Perhaps the greatest challenge facing employers under the Ledbetter Act is the prospect of having to defend compensation and other employment decisions made so far in the past that documentation, witnesses and even relevant decision-makers may no longer be available.
Other provisions of Ledbetter, however, also create challenges--and risks--for employers. For example, the law expands the pool of potential plaintiffs beyond current and former employees to include "affected" parties (arguably employees' family members and beneficiaries).
It also opens benefits programs to litigation threats due to claims that reduced benefits levels--pension benefits, for example--were based on discriminatory pay actions made years, even decades, earlier. In addition, the law specifically states that it applies to a discriminatory compensation decision "or other practice." Consequently, the law's reach, ultimately, may extend broadly to cover all manner of workforce practices provided that they can be tied in some way to compensation.
While it's hard to predict how courts will judge the merits of such actions, or how far back into the past they may reach, the potential tsunami of litigation requires that employers do everything they can to mitigate the risks. That means, on a basic level, spending today's limited compensation dollars wisely by: assessing the match between actual pay practices and compensation philosophy, highlighting any cases where pay is out of alignment, and making pay adjustments to limit the ability of employees to credibly raise claims on the basis of actions taken in the distant past.
In light of these risks, pay equity needs to be on the 2009 agenda of every organization. And assessing pay equity should be consistent with legal standards of evaluation--in this case, regression analysis.
In 2006, the OFCCP declared regression analysis to be the new standard of statistical assessment for its compensation reviews, moving federal contactors to use that approach to effectively insulate themselves from audit risk.
Regression analysis is, in fact, the definitive defense accepted by the courts; in moving to follow the OFCCP's lead, organizations can more effectively address increasing litigation risk as well. The agency's emphasis on "systemic discrimination" cases also is likely to continue, covering more employees and creating situations that are more likely to lead to class-action suits.
Thus, Mercer recommends that employers conduct regression analyses to find business areas with potential issues and, within those areas, specific employees for whom pay changes might be required.
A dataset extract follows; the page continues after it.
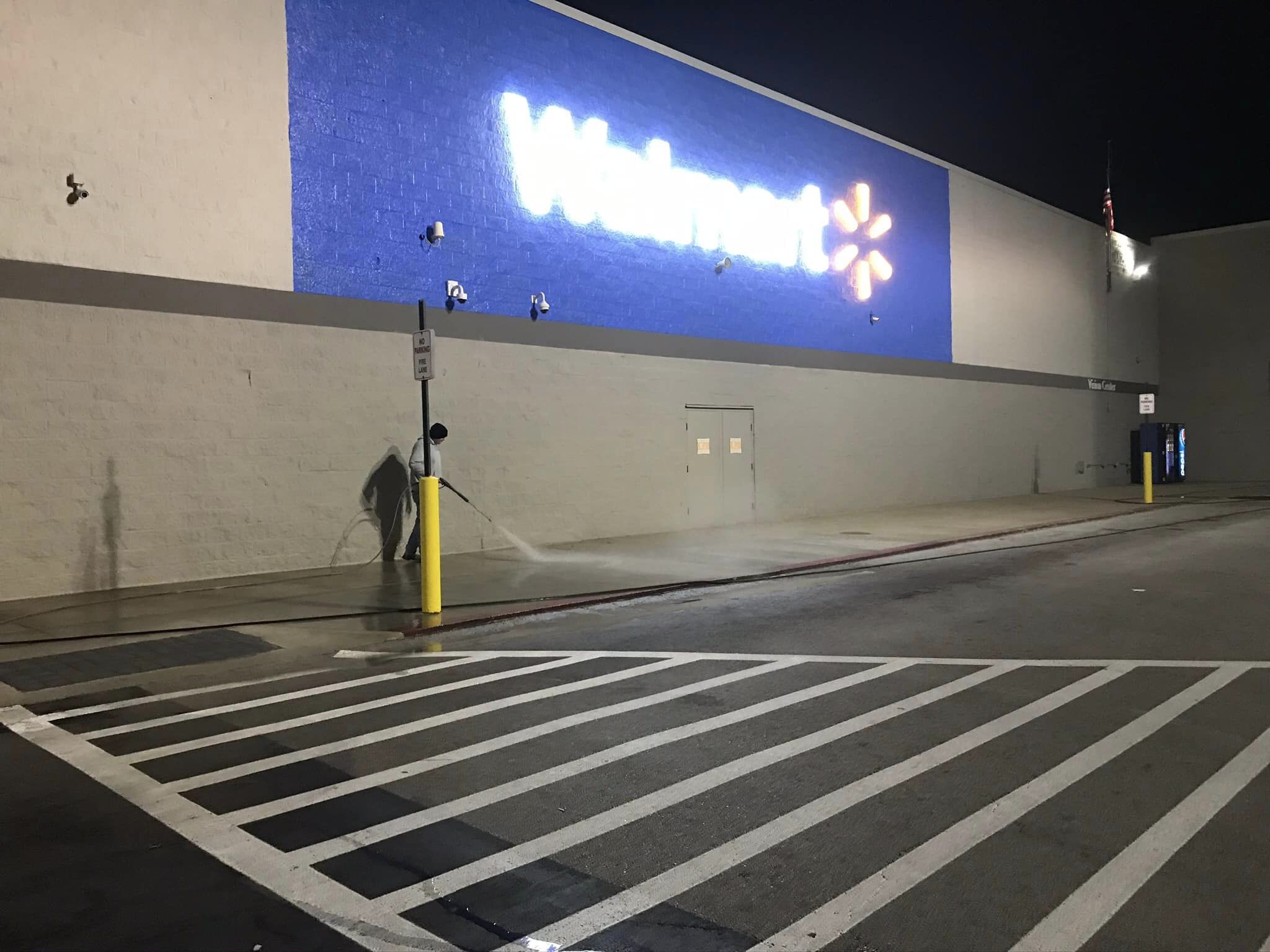 Power Washing Walmart Super Centers in Mt Zion, IL Thumbnail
Specific cases for pay changes then should be investigated and acted upon, as appropriate. To ensure optimal protection in the face of the Ledbetter Act, efforts should be made to level the field on pay, year after year, to make potentially discriminatory past decisions irrelevant. Such analyses can also serve to check rewards-system performance at the aggregate level to ensure that the company is spending its limited compensation dollars as needed to drive company performance objectives.
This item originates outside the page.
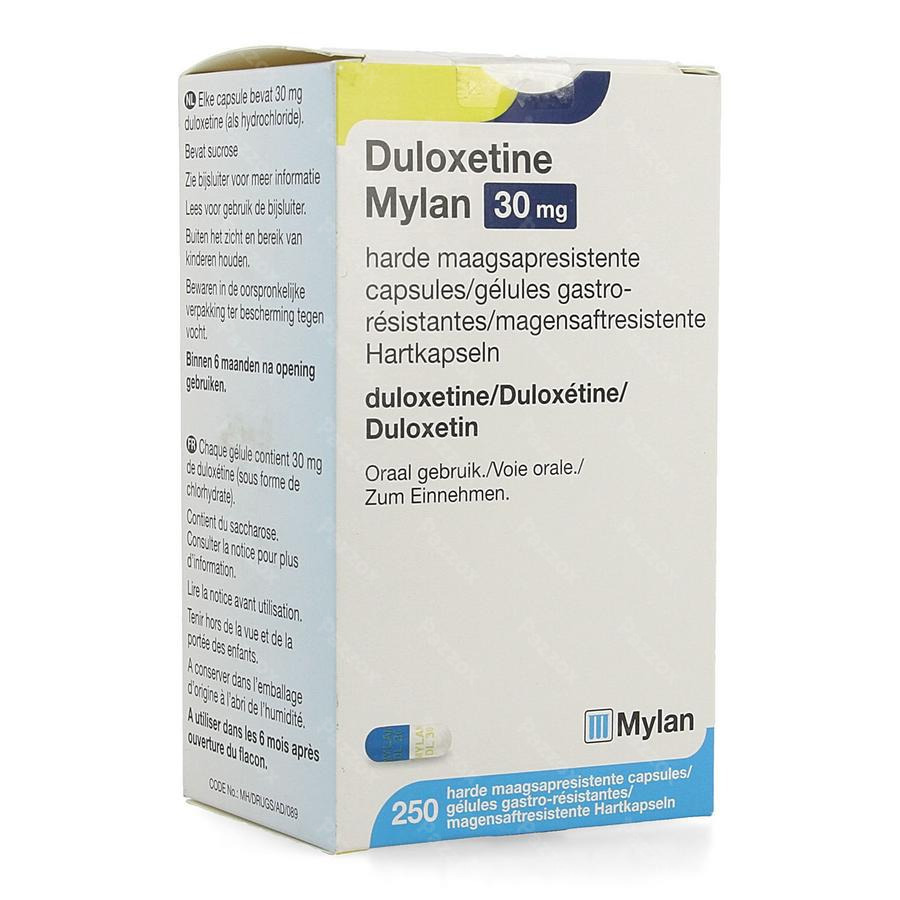 Duloxetine Mylan Maagsapres. Caps 250x30mg Fl Hdpe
To further minimize risk, employers need to: implement quantifiable guidelines for compensation decisions; carefully review and document the basis for pay and promotion decisions to ensure objective support; and train managers and supervisors to clearly define and communicate employee roles, objectives and performance criteria. Employers also should review and potentially revise their document retention policies in order to ensure records supporting past workforce decisions are preserved and readily accessible. The Ledbetter Fair Pay Act and related pending legislation provide the burning platform for many organizations to move ahead and invigorate their compensation practices and processes. But longstanding arguments for action, accentuated by the current economic crisis, continue to make a strong case.
Indeed, proactive pay equity assessments are like insurance: You can pay a little now--in terms of dollars and effort--or risk paying a lot more later.